SOURCE MATERIAL:
※ ※ ※

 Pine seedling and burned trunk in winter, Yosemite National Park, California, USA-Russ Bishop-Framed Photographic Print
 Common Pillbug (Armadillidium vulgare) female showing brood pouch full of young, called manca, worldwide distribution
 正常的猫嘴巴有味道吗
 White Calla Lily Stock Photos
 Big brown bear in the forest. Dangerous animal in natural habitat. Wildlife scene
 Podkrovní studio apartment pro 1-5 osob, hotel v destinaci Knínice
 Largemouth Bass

※ ※ ※

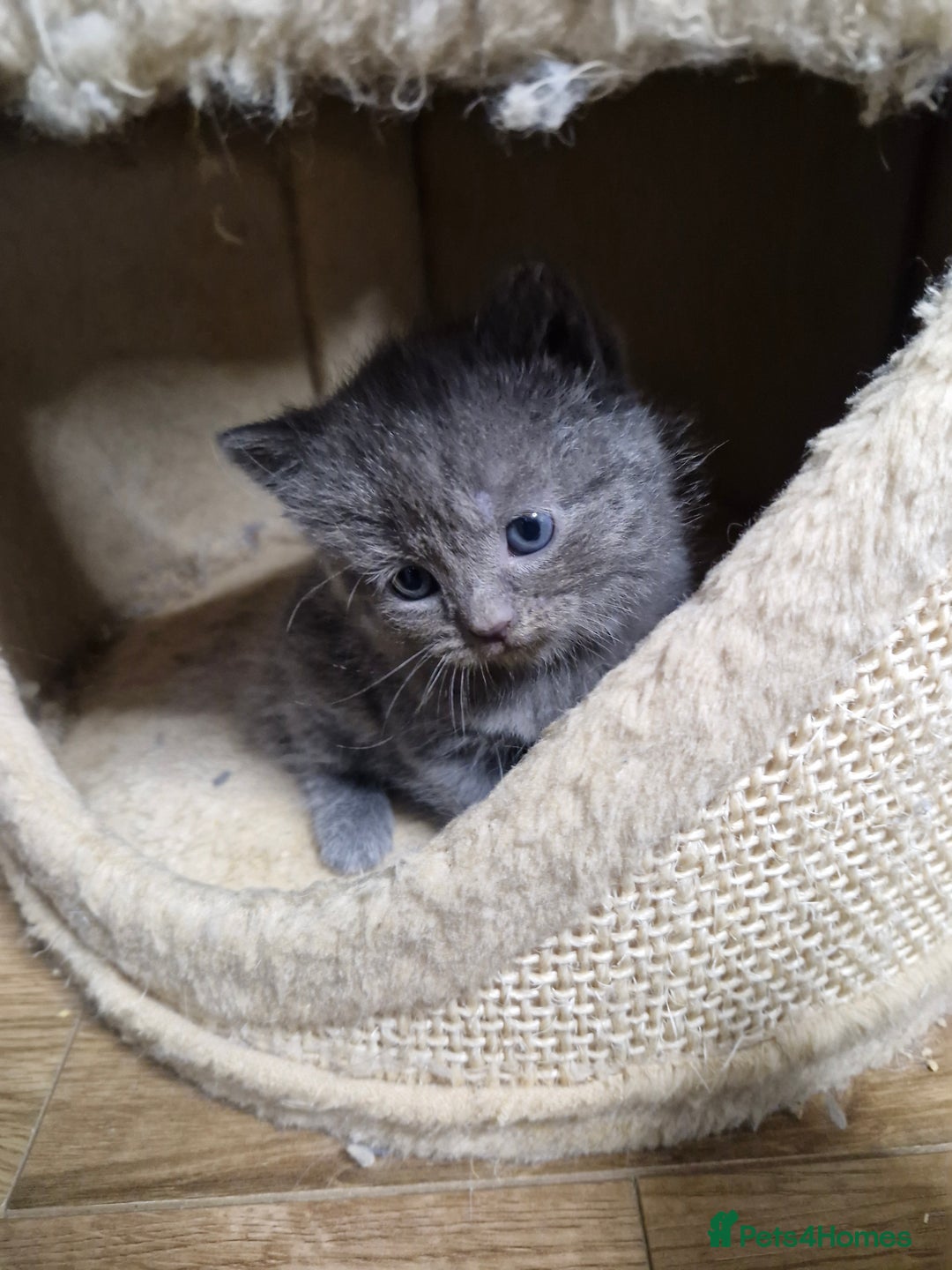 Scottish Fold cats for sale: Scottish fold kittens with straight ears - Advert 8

※ ※ ※

THE PROBLEM: From the entries above, restate word for word the lines from the line containing "Common Pillbug (Armadillidium" to the line containing "Big brown bear", both ends included, and nothing more.

TASK RESULT:
 Common Pillbug (Armadillidium vulgare) female showing brood pouch full of young, called manca, worldwide distribution
 正常的猫嘴巴有味道吗
 White Calla Lily Stock Photos
 Big brown bear in the forest. Dangerous animal in natural habitat. Wildlife scene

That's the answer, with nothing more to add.